Miller eyes Molson
Jan 13, 2005 - If Molson shareholders reject a proposed merger with Adoph Coors Co. then a new bidding war for Molson could emerge.
With the vote less than a week away, SABMiller indicated it is interested in buying Molson.
A merger with Molson would give SABMiller a foothold in the Canadian beer market, where Molson has a 43% share. SABMiller would be able to better distribute its Miller Lite, Pilsner Urquell and Peroni brands in Canada and could use its global distribution network to sell the Molson brand around the world.
Opponents of the Molson-Coors deal have grown more vocal as the scheduled vote approaches, and SABMiller's interest could add to the pressure on the supporters of the deal. The Wall Street Journal reported on SABMiller's interest in Molson on Wednesday.
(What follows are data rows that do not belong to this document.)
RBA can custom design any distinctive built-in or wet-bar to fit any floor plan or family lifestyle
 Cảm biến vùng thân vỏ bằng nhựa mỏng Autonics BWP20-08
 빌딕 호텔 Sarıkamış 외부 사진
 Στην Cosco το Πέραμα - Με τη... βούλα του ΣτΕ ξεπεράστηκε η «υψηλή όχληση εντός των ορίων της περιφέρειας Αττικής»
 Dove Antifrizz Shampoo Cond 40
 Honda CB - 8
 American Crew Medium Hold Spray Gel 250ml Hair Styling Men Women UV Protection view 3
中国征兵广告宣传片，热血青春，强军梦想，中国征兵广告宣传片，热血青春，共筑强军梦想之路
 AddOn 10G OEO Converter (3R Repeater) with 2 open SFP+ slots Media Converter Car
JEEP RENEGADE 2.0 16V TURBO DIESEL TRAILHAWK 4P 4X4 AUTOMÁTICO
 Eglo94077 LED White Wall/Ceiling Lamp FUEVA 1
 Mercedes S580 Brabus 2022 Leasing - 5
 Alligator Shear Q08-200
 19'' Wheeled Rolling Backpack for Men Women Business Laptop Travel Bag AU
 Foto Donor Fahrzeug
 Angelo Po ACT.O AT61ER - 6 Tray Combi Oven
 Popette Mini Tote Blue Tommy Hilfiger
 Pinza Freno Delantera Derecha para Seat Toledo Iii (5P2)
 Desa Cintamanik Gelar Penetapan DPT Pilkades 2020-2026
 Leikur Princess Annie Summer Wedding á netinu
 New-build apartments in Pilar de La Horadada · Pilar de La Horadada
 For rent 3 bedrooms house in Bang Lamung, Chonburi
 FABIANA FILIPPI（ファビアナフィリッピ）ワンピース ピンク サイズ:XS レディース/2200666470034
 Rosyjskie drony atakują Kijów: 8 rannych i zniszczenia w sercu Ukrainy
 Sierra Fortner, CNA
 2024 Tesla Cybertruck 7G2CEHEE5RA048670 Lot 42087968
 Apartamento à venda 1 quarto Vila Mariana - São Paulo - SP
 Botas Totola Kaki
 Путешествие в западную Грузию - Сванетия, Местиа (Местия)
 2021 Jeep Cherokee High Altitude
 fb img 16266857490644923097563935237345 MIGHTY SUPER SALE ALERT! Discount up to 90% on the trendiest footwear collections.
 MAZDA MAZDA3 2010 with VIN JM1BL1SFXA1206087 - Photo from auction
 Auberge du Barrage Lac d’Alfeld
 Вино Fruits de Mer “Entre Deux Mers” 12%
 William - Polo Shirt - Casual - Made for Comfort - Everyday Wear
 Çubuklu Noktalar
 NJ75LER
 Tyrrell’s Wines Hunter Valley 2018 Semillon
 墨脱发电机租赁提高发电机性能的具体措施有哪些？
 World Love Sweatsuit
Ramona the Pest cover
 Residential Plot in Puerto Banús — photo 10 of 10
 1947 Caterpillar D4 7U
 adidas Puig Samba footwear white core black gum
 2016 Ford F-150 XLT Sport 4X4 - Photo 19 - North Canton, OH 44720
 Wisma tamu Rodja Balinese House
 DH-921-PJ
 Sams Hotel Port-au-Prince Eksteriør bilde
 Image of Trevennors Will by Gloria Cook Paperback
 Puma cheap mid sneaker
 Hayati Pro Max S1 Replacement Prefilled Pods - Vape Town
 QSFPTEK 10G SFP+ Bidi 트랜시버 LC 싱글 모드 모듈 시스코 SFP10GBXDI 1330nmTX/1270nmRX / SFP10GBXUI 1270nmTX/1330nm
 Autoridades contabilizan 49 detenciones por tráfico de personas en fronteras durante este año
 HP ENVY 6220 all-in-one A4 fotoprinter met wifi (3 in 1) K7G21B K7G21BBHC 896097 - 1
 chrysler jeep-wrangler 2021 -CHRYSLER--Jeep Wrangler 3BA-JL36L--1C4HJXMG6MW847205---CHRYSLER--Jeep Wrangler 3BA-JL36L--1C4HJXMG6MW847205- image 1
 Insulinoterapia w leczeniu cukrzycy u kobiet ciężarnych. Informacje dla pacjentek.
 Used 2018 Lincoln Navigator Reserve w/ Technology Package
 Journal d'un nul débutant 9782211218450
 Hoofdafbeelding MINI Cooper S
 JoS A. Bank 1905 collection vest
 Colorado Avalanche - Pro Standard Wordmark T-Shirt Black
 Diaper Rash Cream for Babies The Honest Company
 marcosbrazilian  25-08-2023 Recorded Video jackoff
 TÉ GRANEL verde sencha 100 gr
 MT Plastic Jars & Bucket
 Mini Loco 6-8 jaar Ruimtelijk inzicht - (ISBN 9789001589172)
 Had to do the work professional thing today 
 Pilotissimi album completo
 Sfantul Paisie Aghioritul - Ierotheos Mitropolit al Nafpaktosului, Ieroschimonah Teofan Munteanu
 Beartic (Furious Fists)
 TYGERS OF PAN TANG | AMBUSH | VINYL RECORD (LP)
In a statement released later in London, SABMiller said that "a Molson transaction would both have strategic merit and could be value enhancing to SABMiller."
On Tuesday, Ian Molson, who broke ranks with his family and left Molson Inc. last year, detailed his opposition to the deal, saying Molson would perform better on its own. Molson's former deputy chairman said he was disappointed he was unable to put together a rival bid and that he would vote against the merger.
Based in suburban Golden, Colo., Coors is the third biggest U.S. brewer behind Anheuser-Busch and SABMiller. Molson is the No. 1 brewer in Canada, just ahead of Interbrew SA's Labatt Brewing.
The newly combined company would have a market capitalization of about $6.3 billion and would rank fifth globally in terms of both revenue and number of barrels sold.